The key capability of these services is that they can be accessed from any platform (smartphone, tablet, laptop and TV) and effectively act as the glue knitting these devices together.
The challenge comes for those third party services that rely on these platforms to reach the consumer. Spotify, Netflix and Amazon Instant Video, to give three examples, are well established content services with a dedicated subscriber base. But it will become increasingly difficult for them to compete when the consumer is continually defaulted to the native platform-defined content library.
We haven’t reached a point of any meaningful competitive concern yet: Xbox LIVE has only reached 40m subscribers worldwide, Google TV is but a fraction of that and Apple hasn’t really launched yet. In the UK today, Sky’s 10m subscriber base and premium content offer present far greater competitive challenges for Netflix than Apple, Google and Microsoft combined!
But as adoption of these platforms increases and they leverage their strengths in seamless multi-device capability, technical R&D and improved data collection, interpretation and targeting, consumers will be ever more enticed to buy into the native content service. I already hear friends comment that they’re an “Apple household” when it comes to their laptop, smartphone and tablet, and this probably means they will default to the iTunes Store as their content library of choice on these devices. And this will make it ever more difficult for third party services to compete.
Is this anti-competitive? It’s all hypothetical at this stage. If they were to become the default platform for TV entertainment then yes, defaulting to Google Play/Zune/iTunes could be deemed an abuse of their position (although Sky has been getting away with it for years). In their defence, these companies will only have reached this position of power through significant financial investment, superior product development and a highly compelling consumer story, in what today feels like an incredibly competitive market. Who’s to deny them the reward for their hard graft?
Who knows – we could be about to see a re-run of the Microsoft Windows-IE case…

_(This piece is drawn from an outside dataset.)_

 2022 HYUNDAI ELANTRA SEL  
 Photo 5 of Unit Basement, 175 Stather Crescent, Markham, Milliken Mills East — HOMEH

In the UK, the 2003 Communications Act put in place legislation to grant “appropriate prominence” to public service broadcasters on television platforms. It’s a form of compensation for broadcasters who have accepted a set of obligations to invest in and air content deemed to be in the public interest. How this principal translates into a connected TV world has been a big part of our recent thinking at Redshift. Unfortunately these protections will do nothing for the likes of Netflix, Spotify and Amazon. Just like other app developers, they’ll have to compete ferociously to make themselves available across all platforms no matter who the manufacturer is, maximising exposure and device neutrality.